Happiness is the emotion that you reasonably should feel when you achieve or retain something that you value. It could be an object, a friend, or a sense of pride or anything that a reasonable person might regard as cool.
This is arguably the ultimate human goal.
This notion became a little confused when the “self esteem” movement got hijacked by the philosophical materialists ( I do not mean materialism as in consumption, I mean materialism as the notion that human beings have no mind, but are conditioned).
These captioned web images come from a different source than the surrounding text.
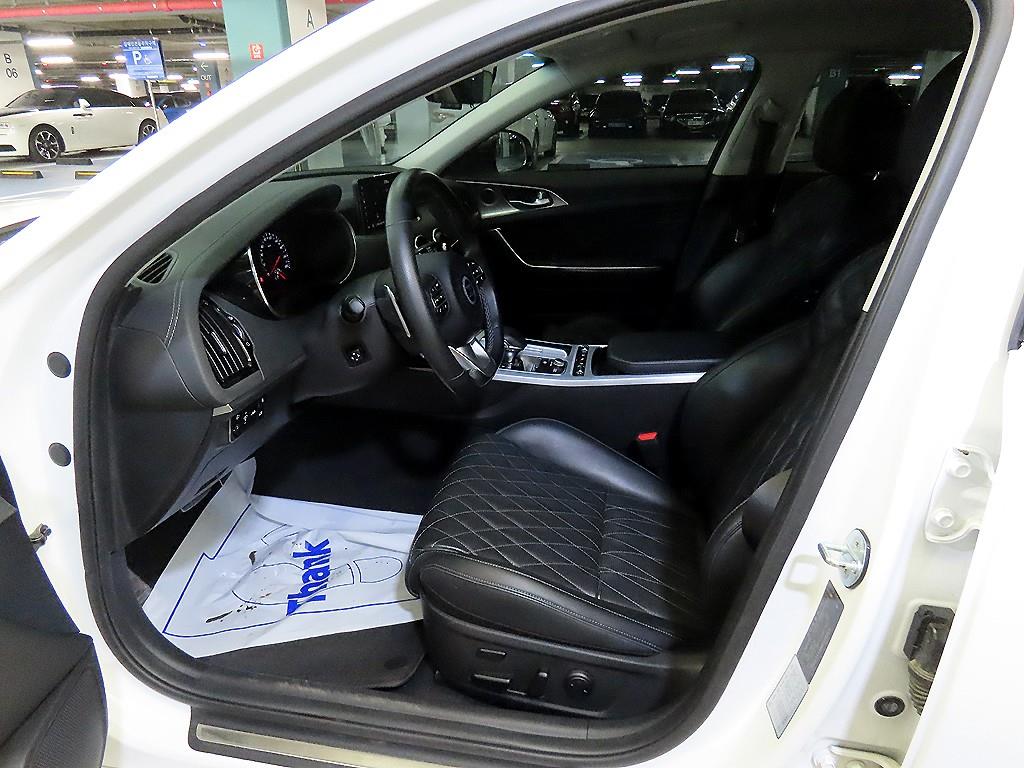 KIA Stinger - Vista 6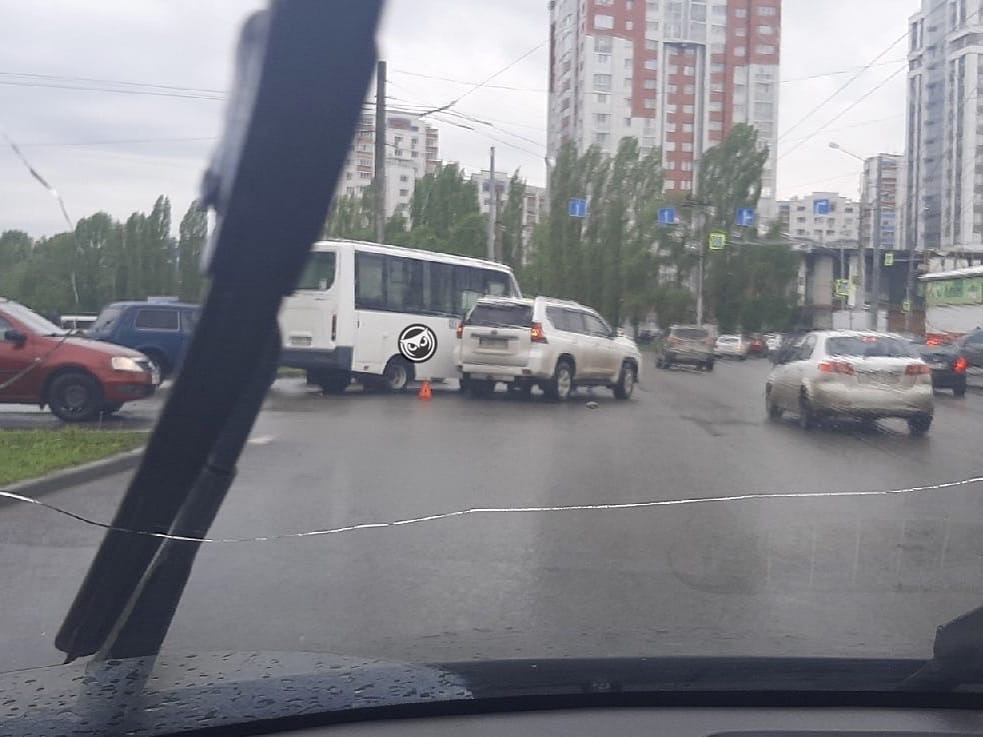 В Пензе не поделили дорогу маршрутка и внедорожник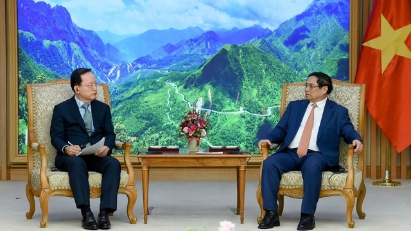 Samsung to Boost Vietnam Investment by $1 Billion Annually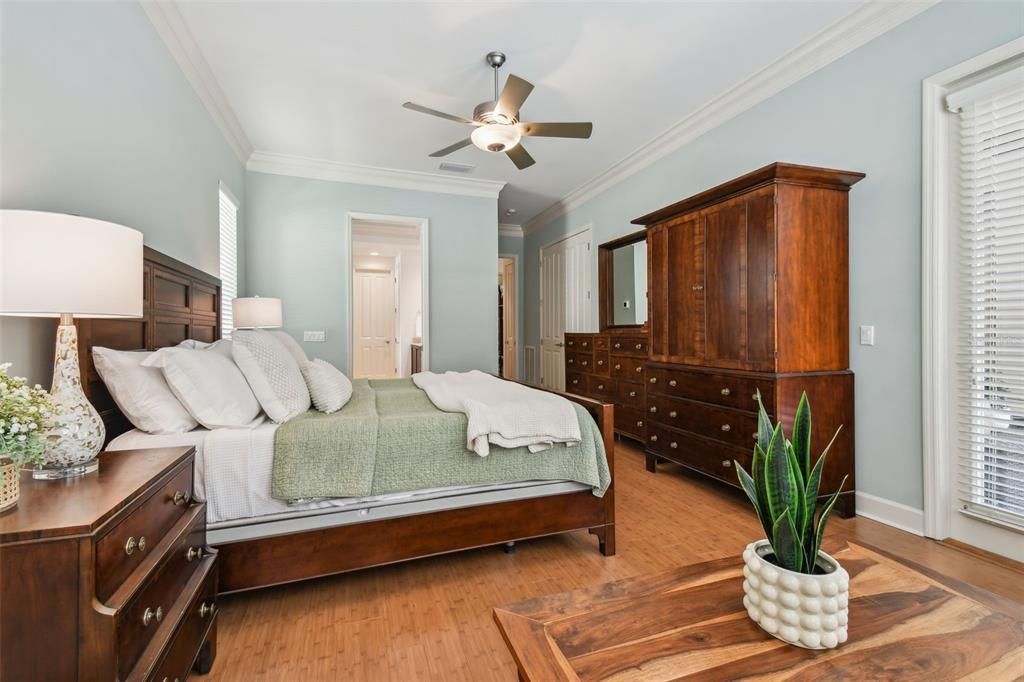 En Venta: $1,095,000 (5 camas, 3 baños, 3698 Pies cuadrados)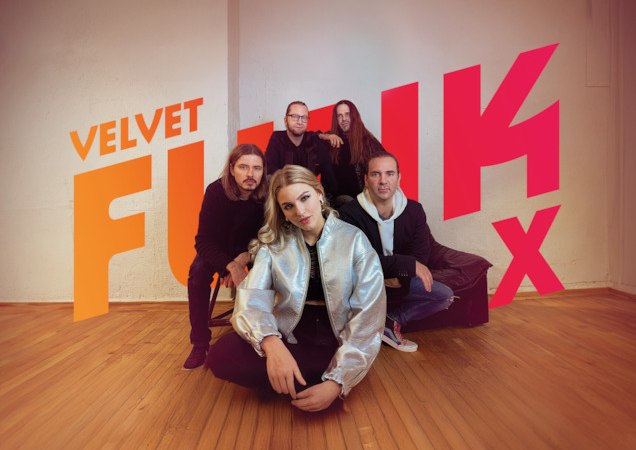 Eine Musikgruppe sitzt und steht vor einem gro&szlig;en Schriftzug 'Velvet Funk X' in einem Raum mit Holzboden. Die Mitglieder tragen l&auml;ssige Kleidung., &copy; Interessengemeinschaft Kultur Sindelfingen / B&ouml;blingen e.V.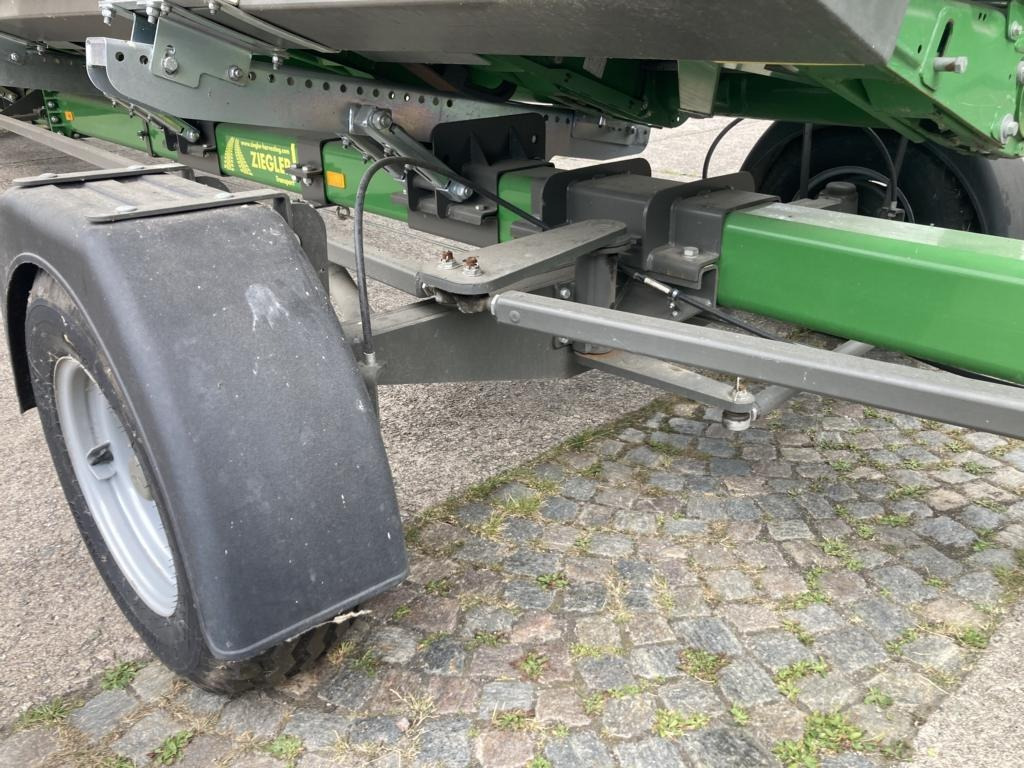 Ziegler 4WT JD RD35F - Зърнокомбайн: снимка 4 Ziegler 4WT JD RD35F - Зърнокомбайн: снимка 4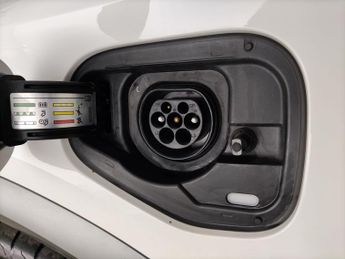 Cupra Formentor 1.4 eHybrid 12.8kWh V2 Plug-in DSG (204 ps) - KEYLESS ENTRY - PA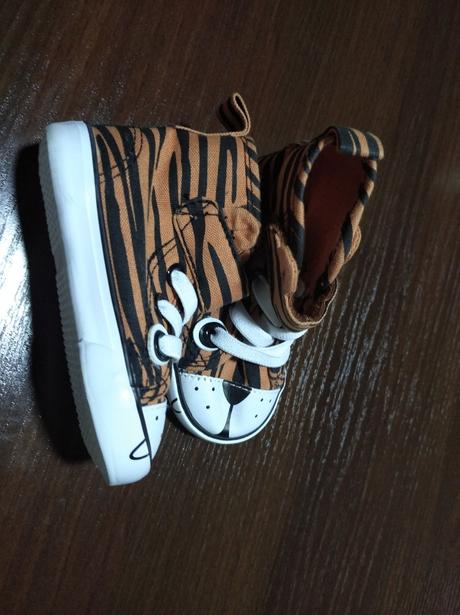 Capáčky tygřík, h&m,18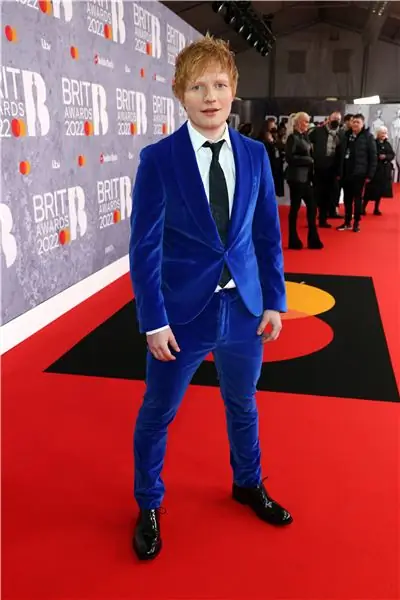 Эд Ширан на церемонии вручения премии Brit Awards 2022 в синем бархатном костюме Эд Ширан на церемонии вручения премии Brit Awards 2022 в синем бархатном костюме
They rejected the idea that happiness is an achievement, and embraced the idea that it could be engineered and given, like a gift. That idea took hold, especially among those who were incapable of achieving much of anything (I do not mean people with disabilities, I am talking about people who refuse to attempt to improve themselves). But the problem arises when people start waiting to be given their gift of happiness. They feel cheated, disrespected, ignored, frustrated etc. They act out.
There are enough people in our culture that are waiting for their gift of happiness, and acting out, that it is easy to get a sense that unhappiness is the natural state.
Happiness is the natural state, unhappiness is the aberration.